Nice! Please, add this to the commit log.

> So the total
> size of the arrays is  8 * num_nodes * memcg_nr_cache_ids. After this patch,
> the size becomes 8 * memcg_nr_cache_ids. So the saving is
> 
>    8 * (num_nodes - 1) * memcg_nr_cache_ids.
> 
> > --
> >
> > But what worries me is that memory savings numbers you posted don't do up.
> > In theory we can save
> > 16 (size of struct rcu_head) * 10000 (number of cgroups) * 2 (number of numa nodes) = 320k
> > per slab cache.
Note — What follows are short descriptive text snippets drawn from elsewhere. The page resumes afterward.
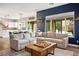 Open-concept living room connected to kitchen, with sectional sofa and backyard views at 2785 Rosenhearty Dr, Henderson, NV 89044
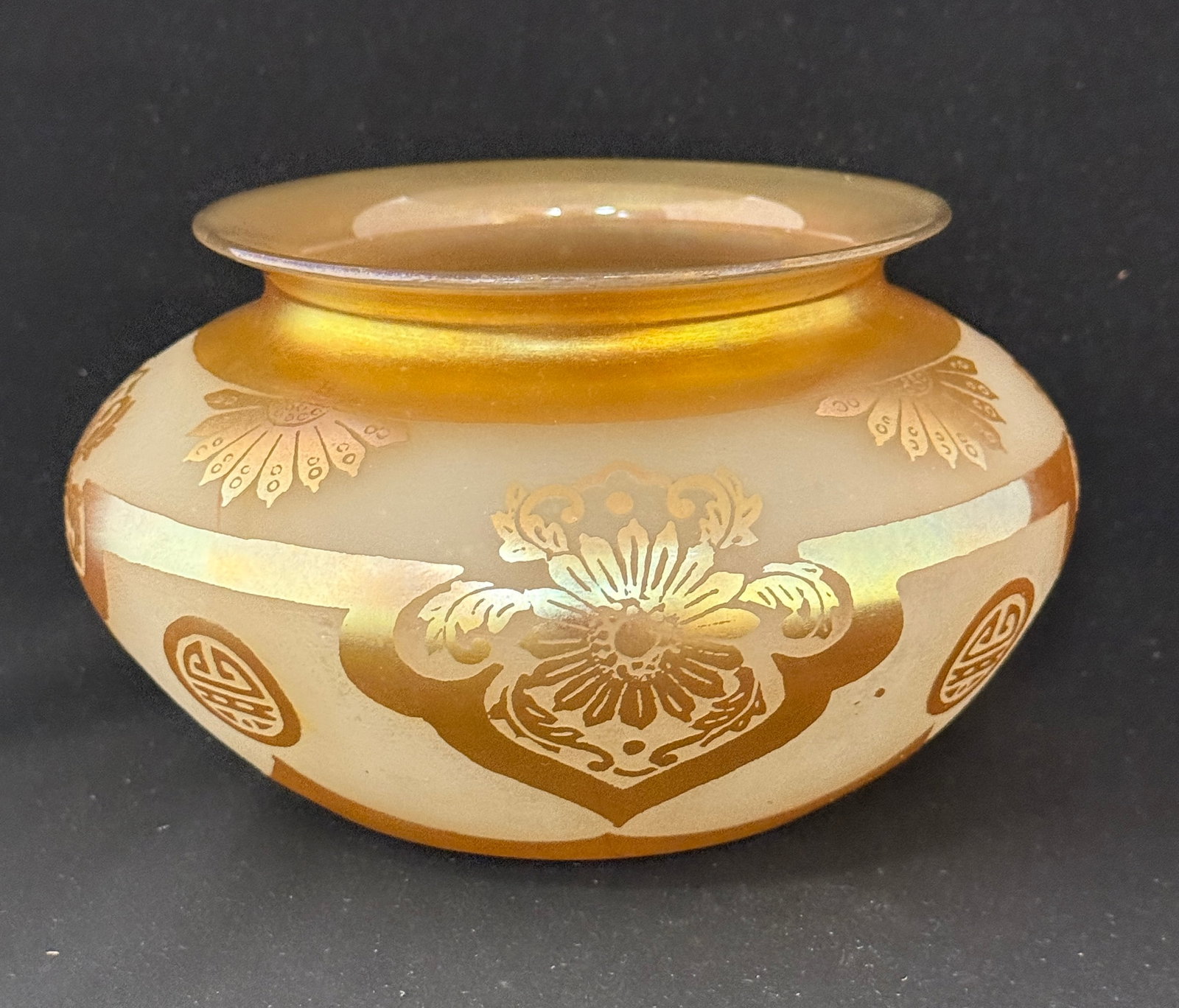 Steuben Acid Cutback bowl: Steuben acid cutback bowl, gold aurene on opal in a Chinese design; ht. 4 1/2". CONDITION: no chips, cracks, repairs, or material defects found, Jaremos attempts to call any material flaw that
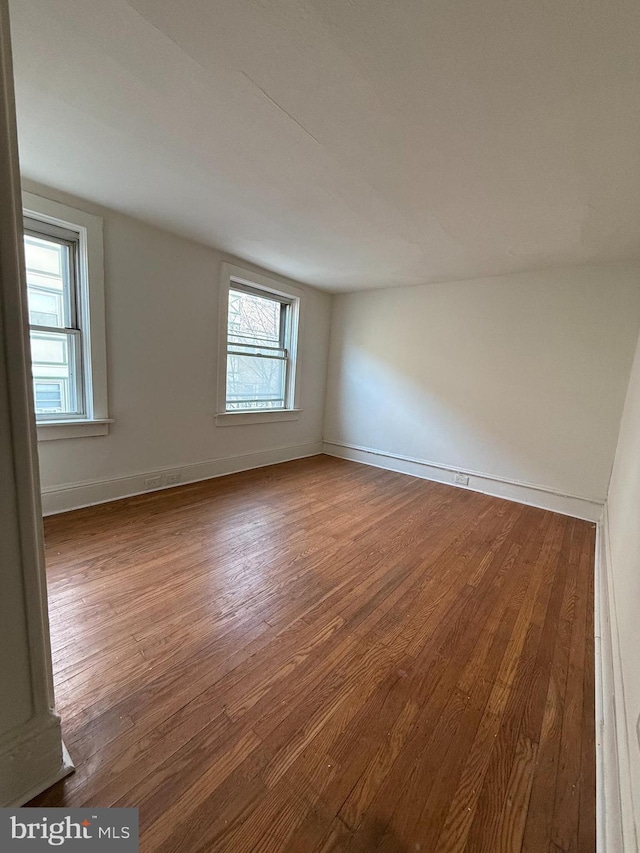 unfurnished room with hardwood / wood-style floors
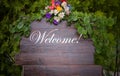 Handmade wooden board with welcome sign. Royalty Free Stock Photo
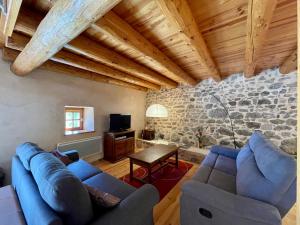 ein Wohnzimmer mit blauen Sofas und einer Steinmauer in der Unterkunft Gîte Saint-Vert, 5 pièces, 7 personnes - FR-1-582-230 in Saint-Vert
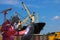 Workers welding process on metal steel pipe in shipyard.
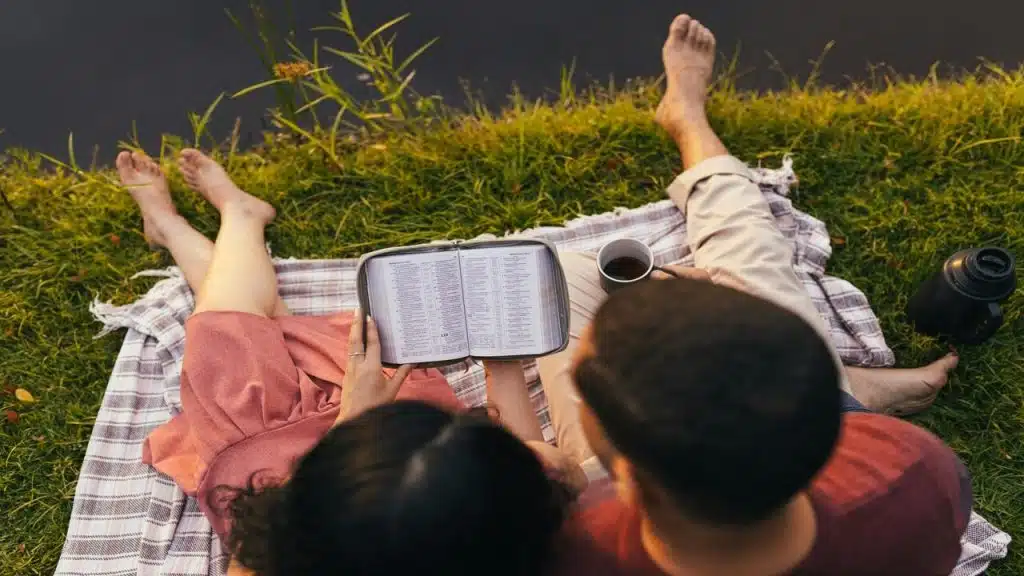 A couple reading the bible together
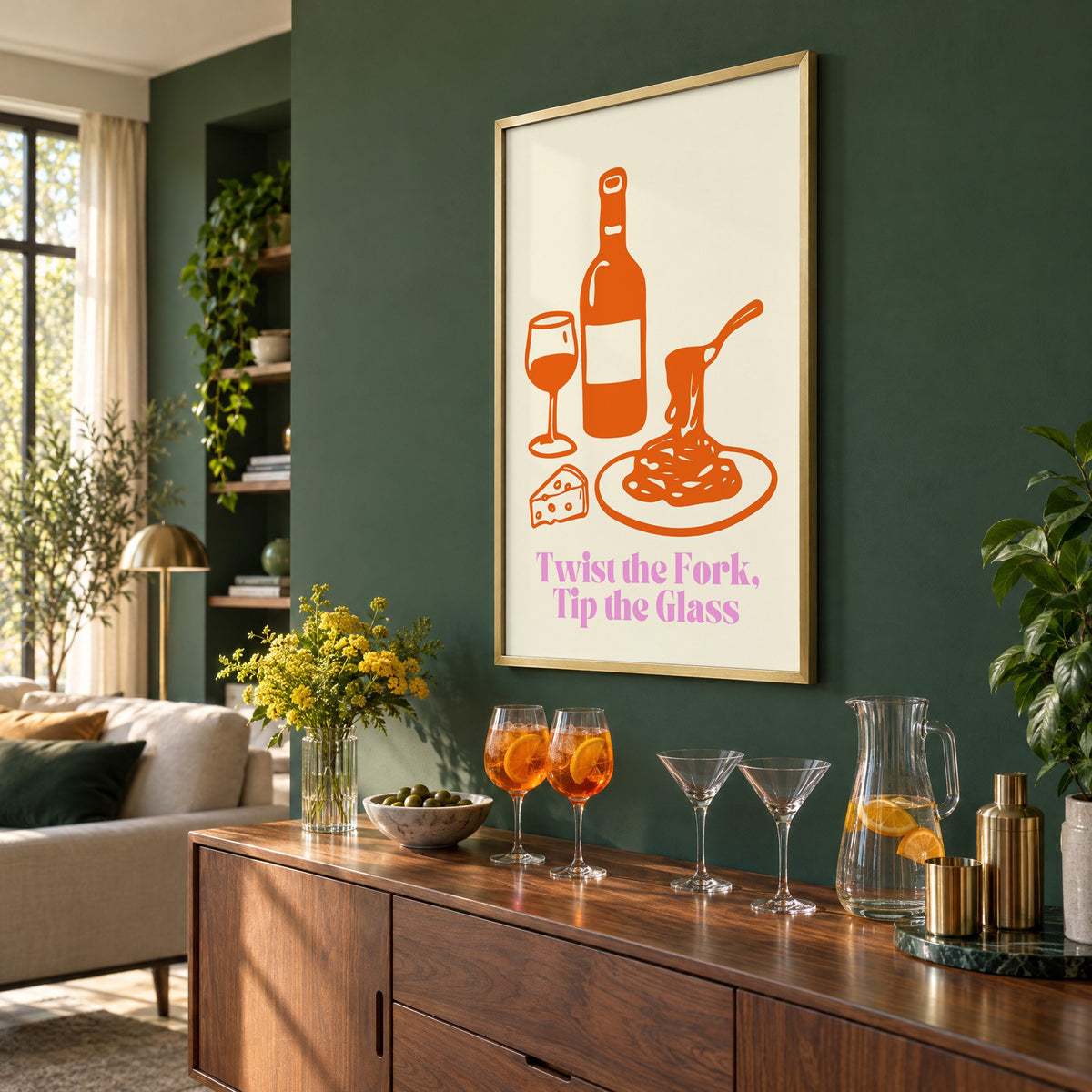 Twist the Fork, Tip the Glass wine and pasta print in a brass frame on a bottle green wall above a sideboard with spritz and martini glasses, seen at an angle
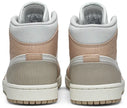 Air Jordan 1 Mid 'Milan' sneaker featuring beige suede and leather upper with MLN hangtag and Air cushioning.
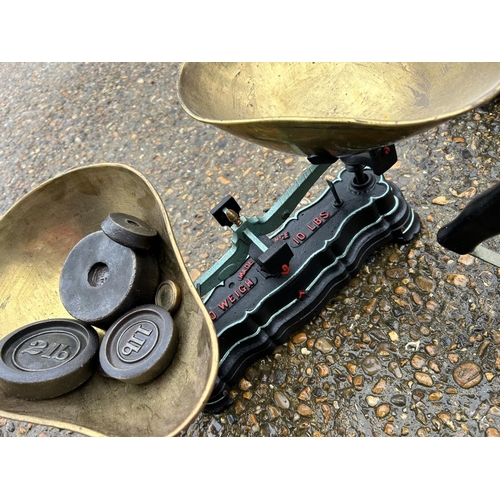 130 - Two vintage scales, a set of weights and three blow torches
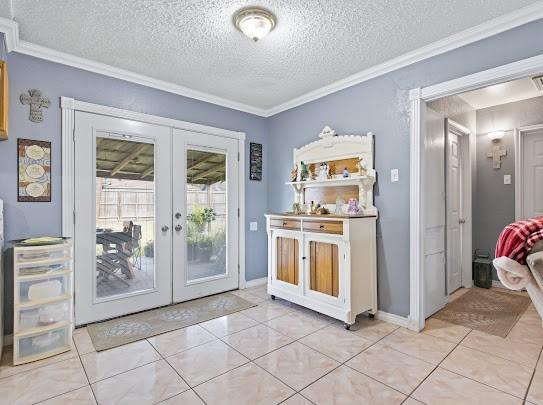 doorway to outside featuring french doors, crown molding, light tile patterned flooring, and a textured ceiling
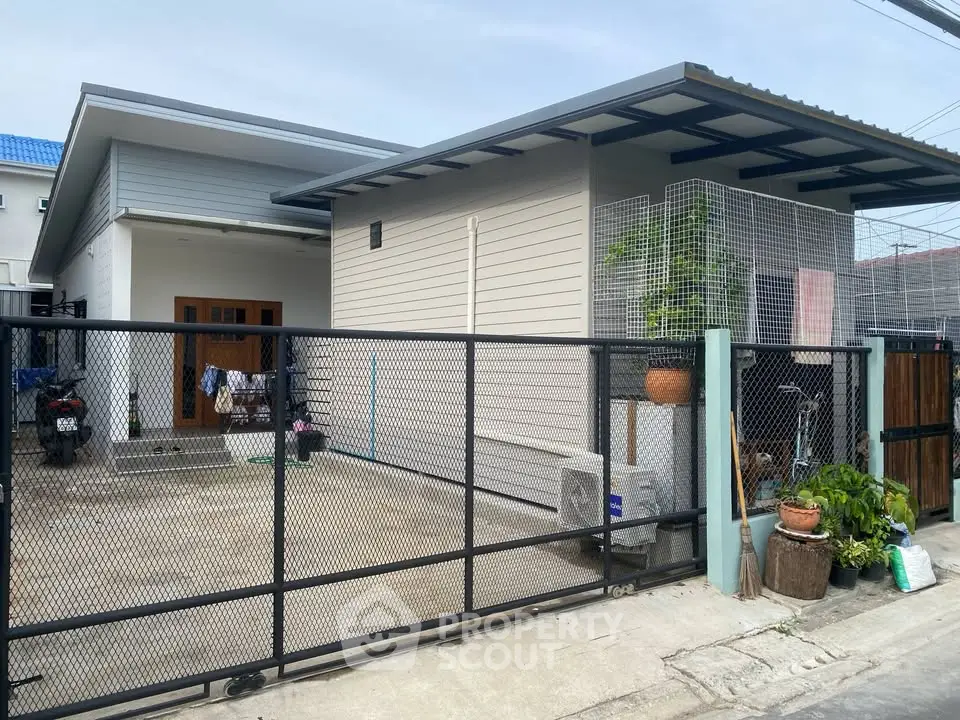 Modern single-story house with gated driveway and minimalist design.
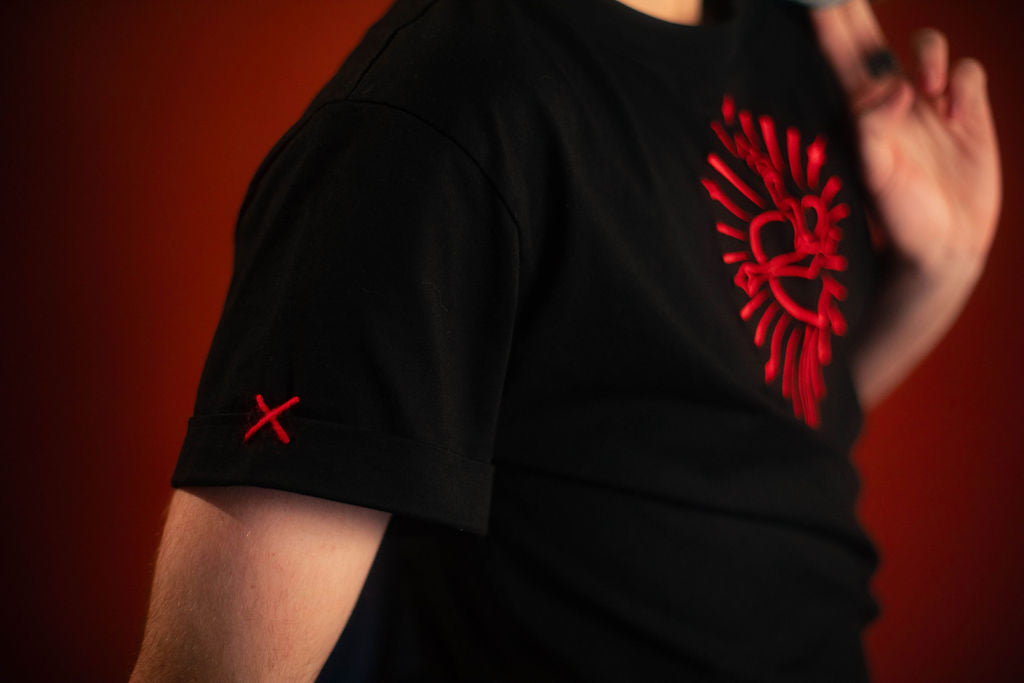 Black 100% cotton tshirt with embroidered red sword and heart design on chest, cuffed sleeves with a hand-tacked red X on one, printed collar information, and Saints & Sonnets heart and sword logo on a red hem tag and printed in red on the back collar.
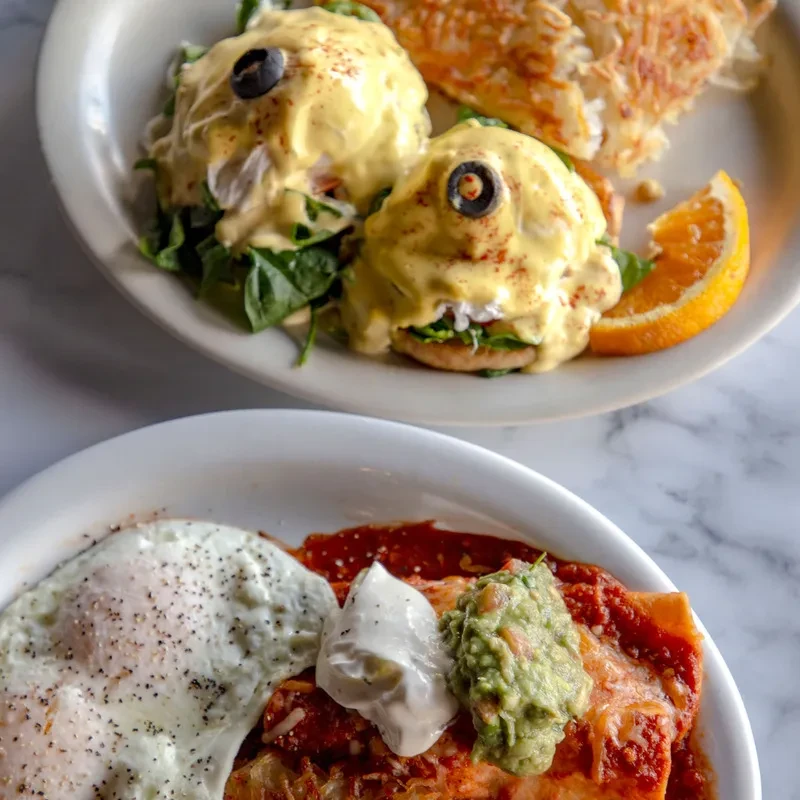 Eggs Benedict and chilaquiles with fried eggs on a marble table.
Did you have a ton of mount points? Otherwise I don't understand
> > where these 2.5Gb are coming from.
> 
> memcg_nr_cache_ids is 12286 when creating 10k memcgs. So the saving
> of arrays of one list_lru is 8 * 1 (number of numa nodes - 1) * 12286 = 96k.
> There will be 2 * 10k list_lru when mounting 10k points. So the total
> saving is 96k * 2 * 10k = 1920 M.

So, there are 10k cgroups _and_ 10k mountpoints. Please, make it obvious from
the commit log. Most users don't have that many mount points (and likely cgroups),
so they shouldn't expect Gb's in savings.

Thanks!

PS I hope to review the rest of the patchset till the end of this week.